_DATA TO PROCESS:_
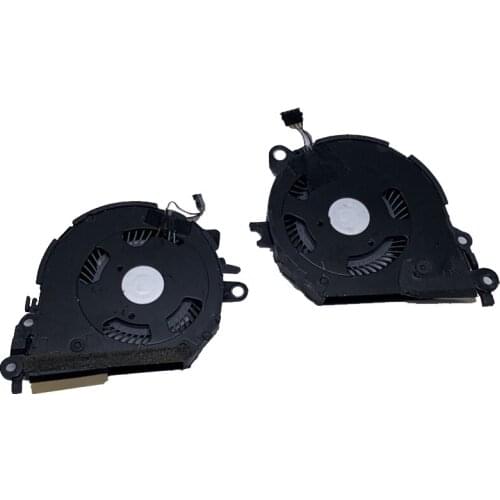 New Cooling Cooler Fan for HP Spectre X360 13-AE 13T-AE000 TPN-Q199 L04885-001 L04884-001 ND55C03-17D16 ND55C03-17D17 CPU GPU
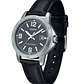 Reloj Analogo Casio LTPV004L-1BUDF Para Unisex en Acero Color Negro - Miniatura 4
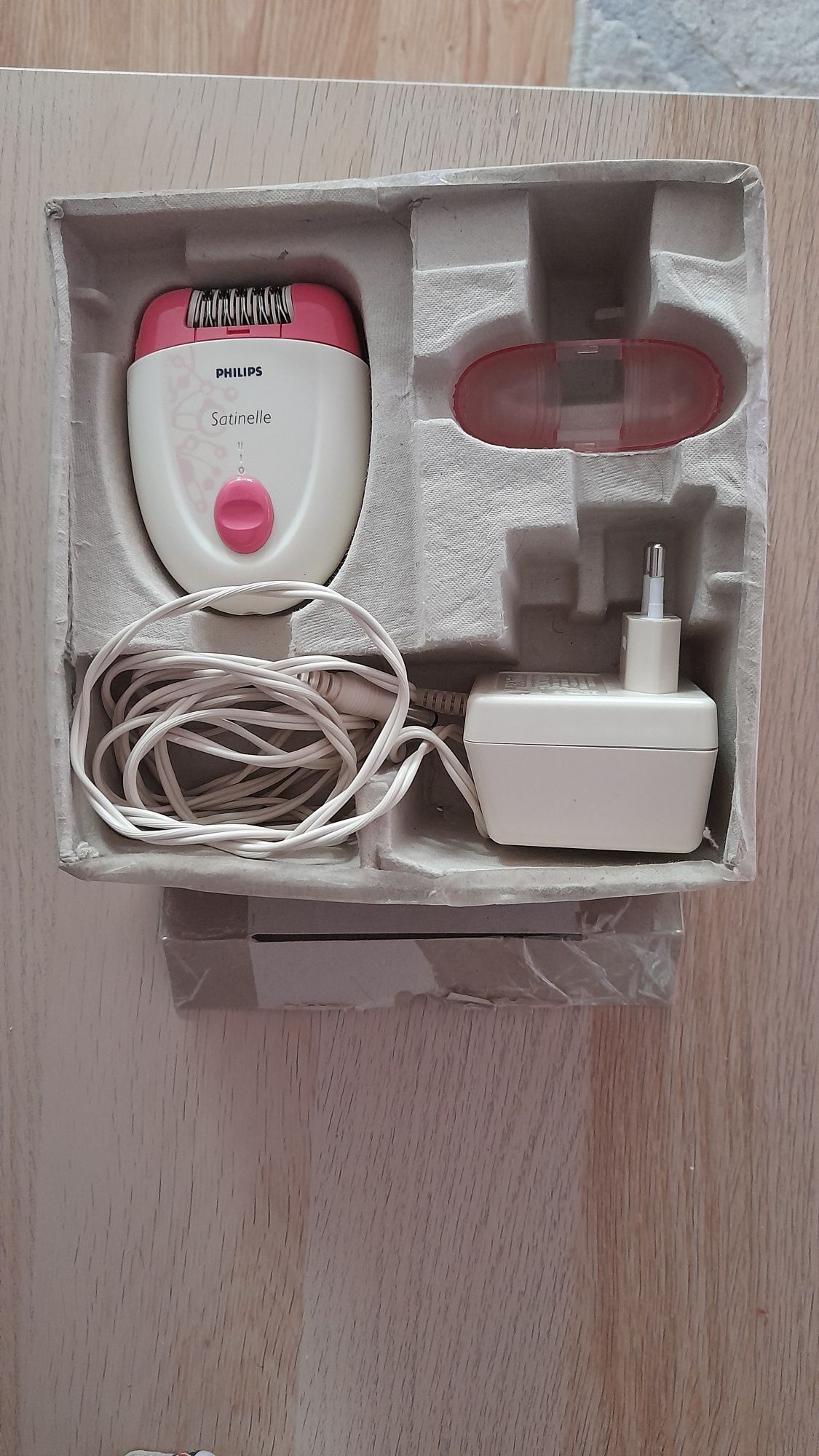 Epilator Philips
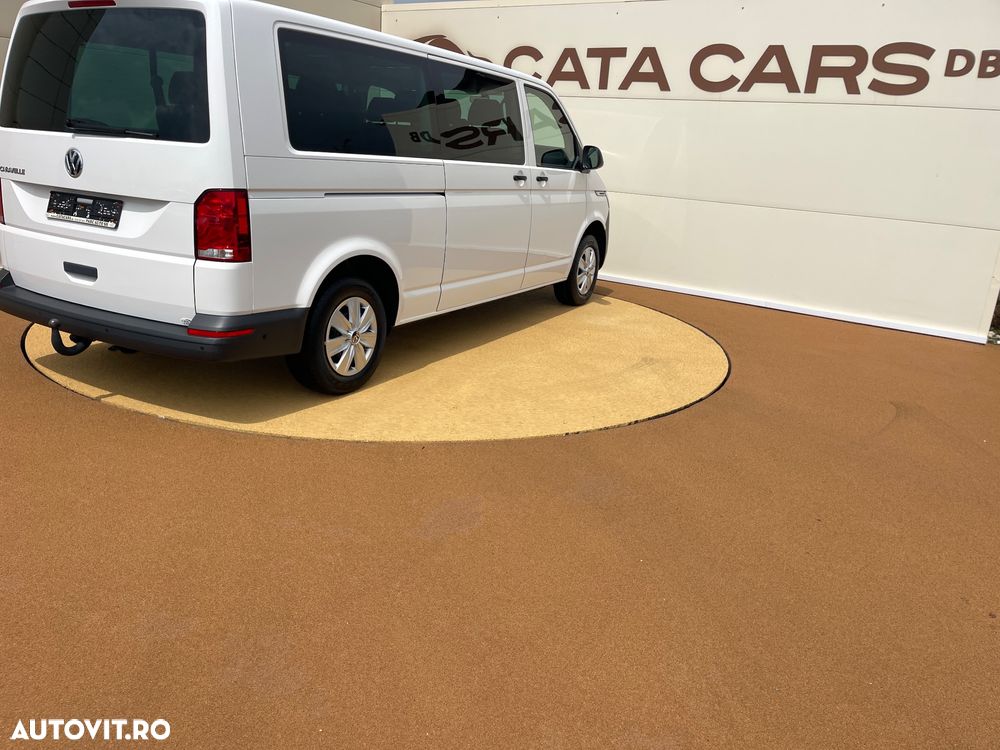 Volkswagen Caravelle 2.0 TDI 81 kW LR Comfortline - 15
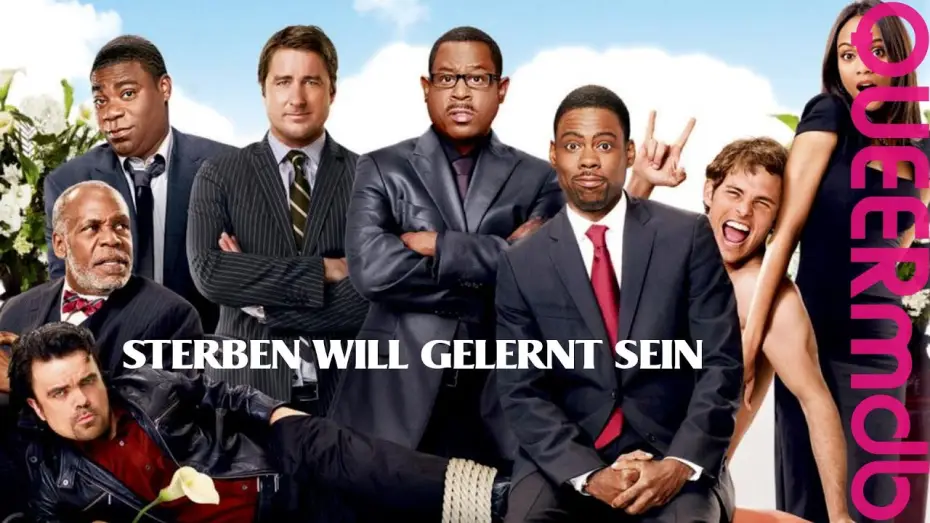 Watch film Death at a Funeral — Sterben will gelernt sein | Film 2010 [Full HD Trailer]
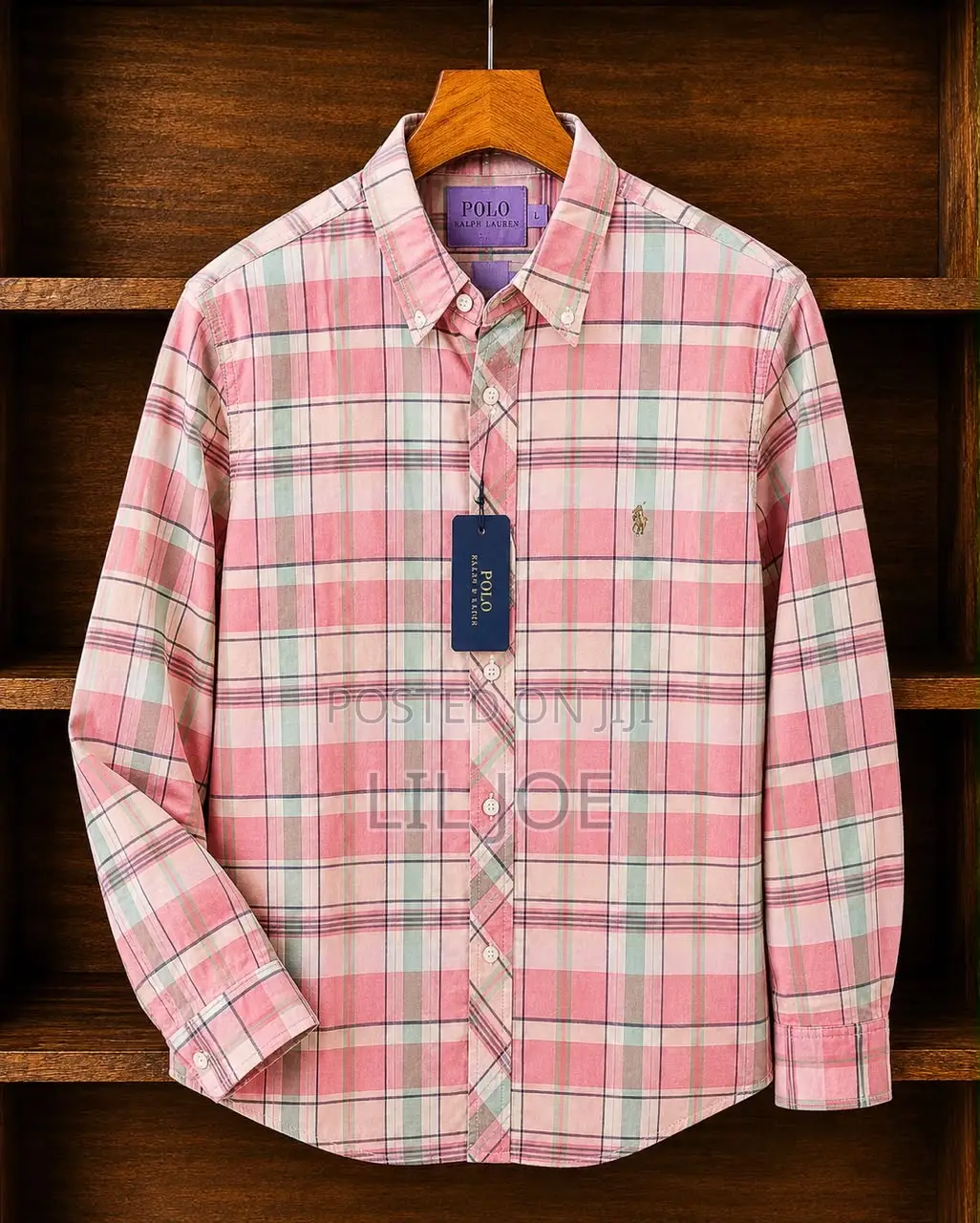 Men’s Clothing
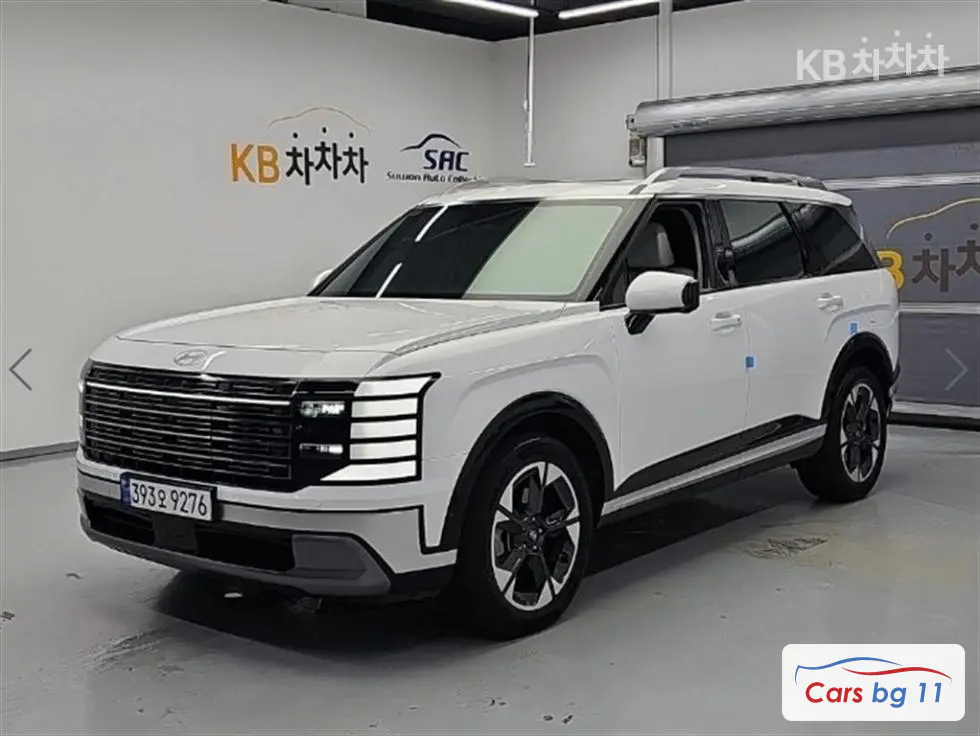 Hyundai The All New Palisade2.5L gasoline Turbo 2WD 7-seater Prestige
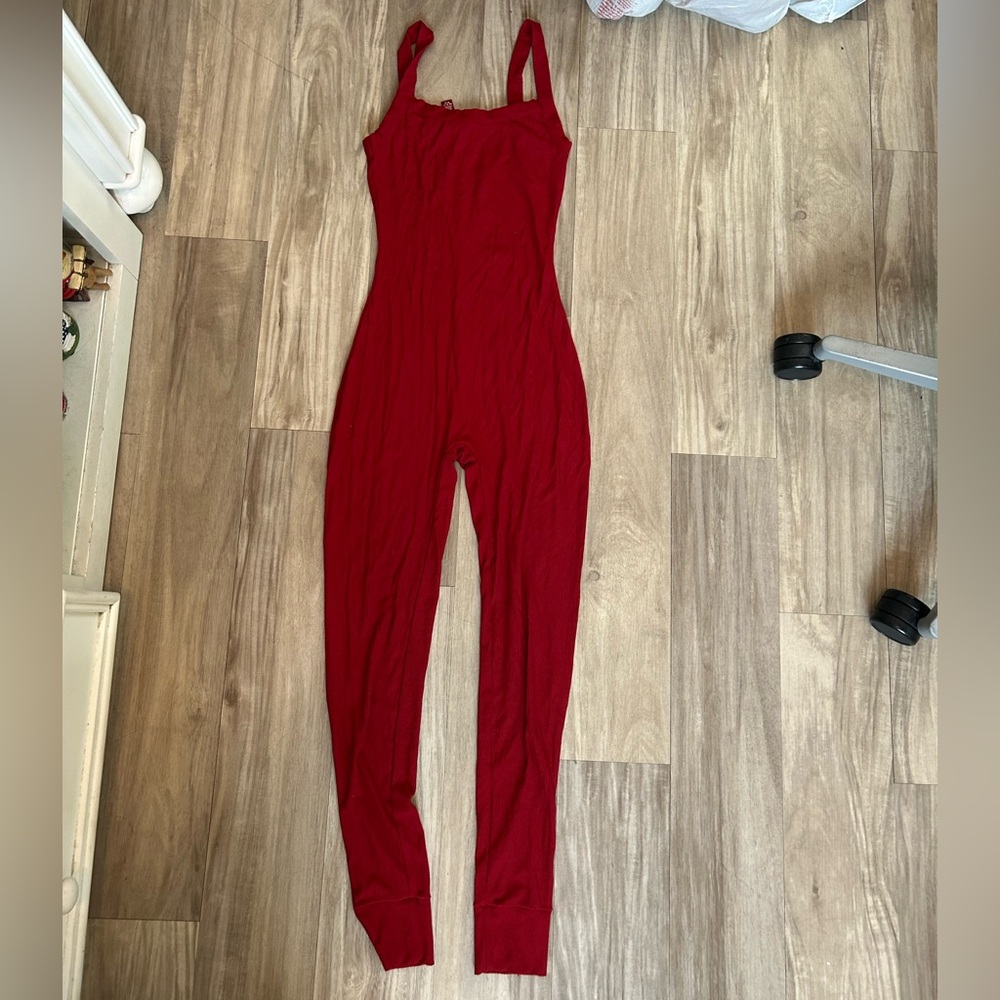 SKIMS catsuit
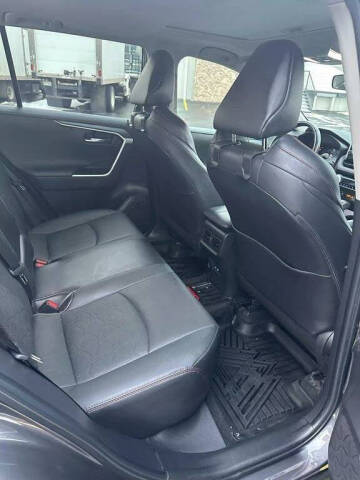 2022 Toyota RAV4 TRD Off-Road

_TASK REQUIREMENTS:_ Extract, verbatim and alone, the lines from the line that contains "Watch film Death" to the last line of the records, inclusive; drop any picture.

_ANSWER SPACE:_
 Watch film Death at a Funeral — Sterben will gelernt sein | Film 2010 [Full HD Trailer]
 Men’s Clothing
 Hyundai The All New Palisade2.5L gasoline Turbo 2WD 7-seater Prestige
 SKIMS catsuit
 2022 Toyota RAV4 TRD Off-Road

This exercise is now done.